(Web page caption snippets)
▼

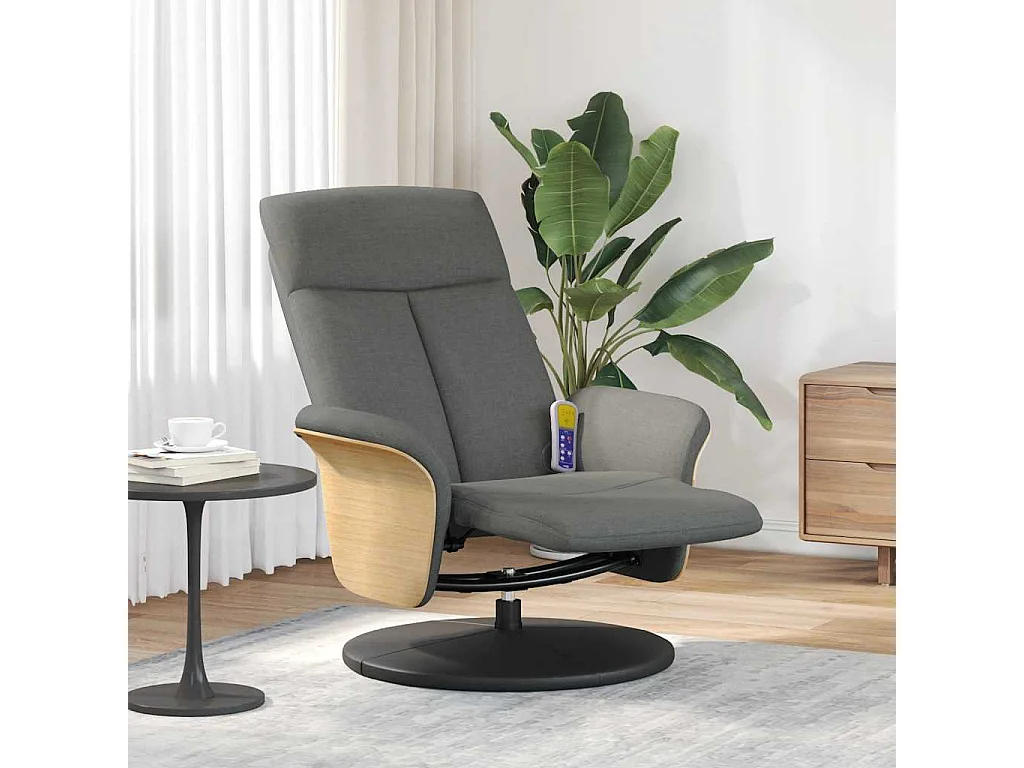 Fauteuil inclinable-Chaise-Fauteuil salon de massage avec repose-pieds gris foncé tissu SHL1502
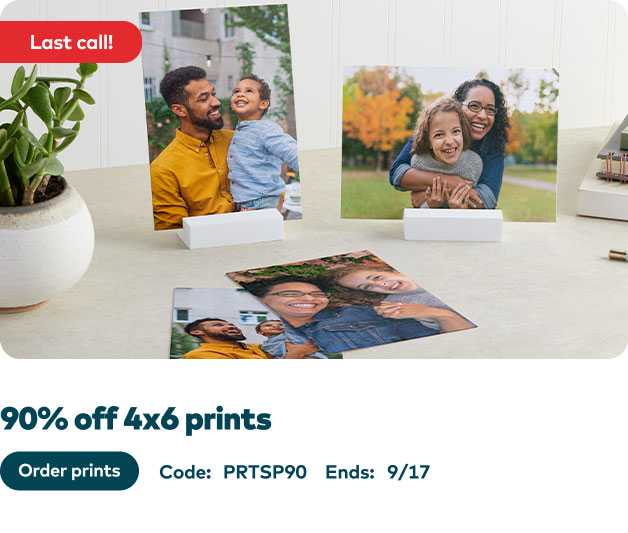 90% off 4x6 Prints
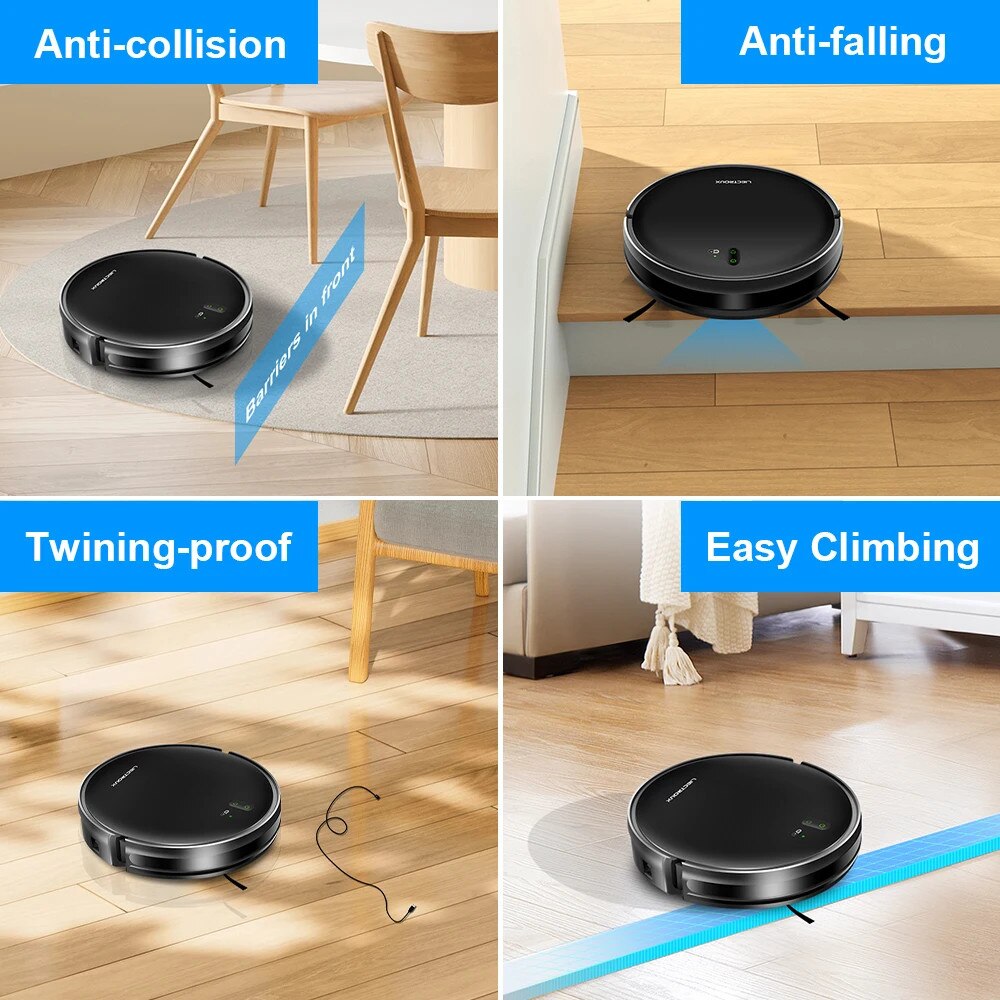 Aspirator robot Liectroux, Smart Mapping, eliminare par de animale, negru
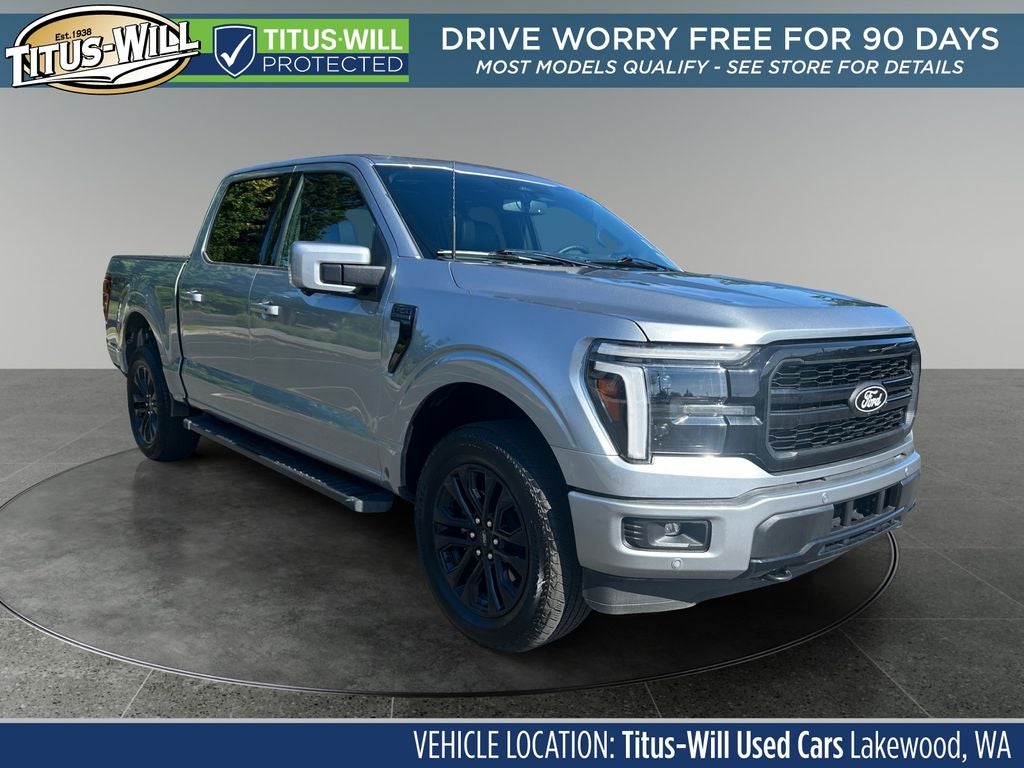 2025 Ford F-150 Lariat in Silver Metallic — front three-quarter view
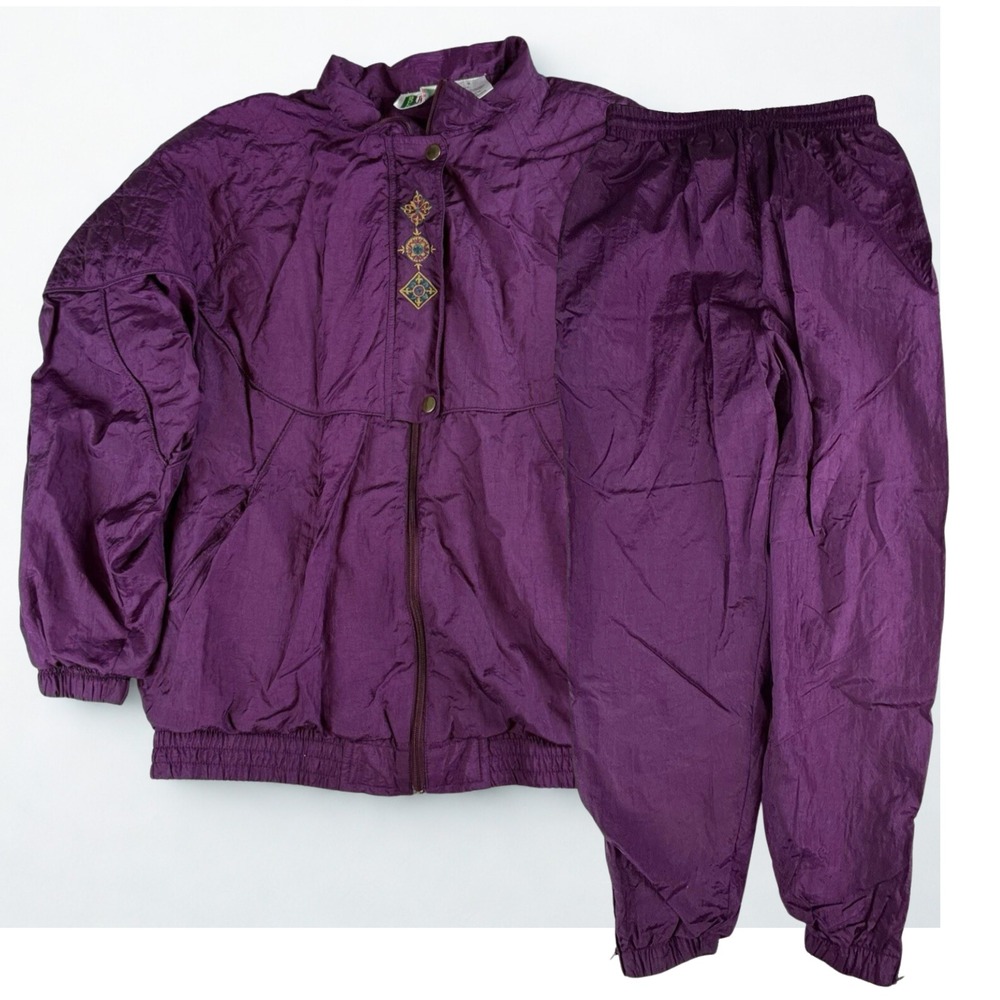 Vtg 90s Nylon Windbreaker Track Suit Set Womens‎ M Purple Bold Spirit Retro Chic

▲

In case the records contain pictures, keep those out and repeat the rest exactly.

▶ Output of the task
 Fauteuil inclinable-Chaise-Fauteuil salon de massage avec repose-pieds gris foncé tissu SHL1502
 90% off 4x6 Prints
 Aspirator robot Liectroux, Smart Mapping, eliminare par de animale, negru
 2025 Ford F-150 Lariat in Silver Metallic — front three-quarter view
 Vtg 90s Nylon Windbreaker Track Suit Set Womens‎ M Purple Bold Spirit Retro Chic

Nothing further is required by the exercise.